Was muss der Besucher tun, wenn er künftig einen Platz im Restaurant Equipe einnehmen will?
Koenemann Er kann ihn für 59,90 Euro buchen. Damit hat er den Platz für den gesamten Renntag inklusive Essen und Getränke. Kein Gastronom kann davon leben, wenn ein Besucher zwar fünf Stunden lang wettet, aber nur eine Flasche stilles Wasser ordert. Wer das will, muss sich anders orientieren. Dafür stehen genügend Möglichkeiten bereit.
Bemängelt wurde, dass im Außenbereich keine Wettkassen mehr verfügbar sind.
Koenemann In der alten Wetthalle haben wir neun, in der neuen Bürgerhalle der neuen Tribüne stehen fünf Kassen. Das alte Totogebäude steht dafür nicht mehr zur Verfügung. Im Gespräch ist eine Nutzung durch Buchmacher Sieberts und als Lagerraum für die Gastronomie.
Was machen die Nachbesserungen am Geläuf und was geschieht mit den 1500 Tonnen abgetragenem Sand?
Koenemann Die Feinarbeiten sind abgeschlossen, vor allem mit dem Wasser im Zielbereich. Den Sand würden wir preiswert abgeben. Der ist nicht umweltbelastet, wir sind Landschaftsschutzgebiet. Für die Sand-Trainingsbahn ist er nicht geeignet, da muss schon ein anderer Untergrund geschaffen werden. Wir sind deshalb in Gesprächen mit der Stadt.
Wird es jemals wieder Rennen auf der Grasbahn geben?
Koenemann Ja, nach Abschluss der Arbeiten im Innenbereich.
Wie sieht es mit dem Nennungsergebnis für den 29.November aus?
Koenemann Wirklich gut. Da kenne ich aus der Vergangenheit ganz andere Zahlen.
Der beliebte Silvester-Renntag wird wieder in Neuss sein.

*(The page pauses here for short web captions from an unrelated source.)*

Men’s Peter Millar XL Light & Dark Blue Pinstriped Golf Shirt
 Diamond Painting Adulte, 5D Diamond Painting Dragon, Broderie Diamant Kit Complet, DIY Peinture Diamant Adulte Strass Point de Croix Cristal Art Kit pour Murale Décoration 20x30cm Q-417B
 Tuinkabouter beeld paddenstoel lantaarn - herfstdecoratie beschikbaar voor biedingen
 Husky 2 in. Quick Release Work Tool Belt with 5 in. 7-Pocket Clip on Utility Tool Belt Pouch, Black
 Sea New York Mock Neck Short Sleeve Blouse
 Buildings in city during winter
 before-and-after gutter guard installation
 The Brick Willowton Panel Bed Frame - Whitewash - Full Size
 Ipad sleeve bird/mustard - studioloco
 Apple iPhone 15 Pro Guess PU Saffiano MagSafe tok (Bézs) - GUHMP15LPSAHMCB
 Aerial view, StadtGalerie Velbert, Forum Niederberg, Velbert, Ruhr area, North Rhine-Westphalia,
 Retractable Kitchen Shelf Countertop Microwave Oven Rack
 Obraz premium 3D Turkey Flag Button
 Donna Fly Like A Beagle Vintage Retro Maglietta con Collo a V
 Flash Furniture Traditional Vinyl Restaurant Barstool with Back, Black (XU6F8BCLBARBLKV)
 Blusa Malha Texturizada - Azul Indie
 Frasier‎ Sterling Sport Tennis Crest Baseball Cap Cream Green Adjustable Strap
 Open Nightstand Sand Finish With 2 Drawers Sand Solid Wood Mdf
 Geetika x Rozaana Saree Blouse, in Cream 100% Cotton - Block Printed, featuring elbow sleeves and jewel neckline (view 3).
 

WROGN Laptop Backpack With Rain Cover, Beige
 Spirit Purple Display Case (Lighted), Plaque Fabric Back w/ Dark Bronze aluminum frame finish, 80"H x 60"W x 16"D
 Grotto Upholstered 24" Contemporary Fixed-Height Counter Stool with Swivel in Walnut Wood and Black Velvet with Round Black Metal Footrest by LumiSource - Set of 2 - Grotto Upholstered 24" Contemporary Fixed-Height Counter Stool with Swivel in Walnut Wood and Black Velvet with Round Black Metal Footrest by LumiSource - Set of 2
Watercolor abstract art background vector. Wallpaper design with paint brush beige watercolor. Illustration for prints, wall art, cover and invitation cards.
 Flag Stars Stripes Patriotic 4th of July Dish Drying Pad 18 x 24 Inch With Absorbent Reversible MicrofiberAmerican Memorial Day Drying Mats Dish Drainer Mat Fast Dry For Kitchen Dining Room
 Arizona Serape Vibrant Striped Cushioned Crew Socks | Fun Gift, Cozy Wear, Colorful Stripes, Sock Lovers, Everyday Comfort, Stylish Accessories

Mit etwas mehr Abwechslung als nur Pferderennen und einer pflichtgemäß wie seelenlos abgenudelten Championatsehrung?
Koenemann Wir werden uns um ausreichende Abwechslung kümmern.
Hands aufs Herz: Ist die Bahn einfach zu früh wieder eröffnet worden oder lag es wirklich nur am Wetter?
Koenemann Was soll ich sagen: einige Arbeiten sind einfach nicht rechtzeitig fertig geworden.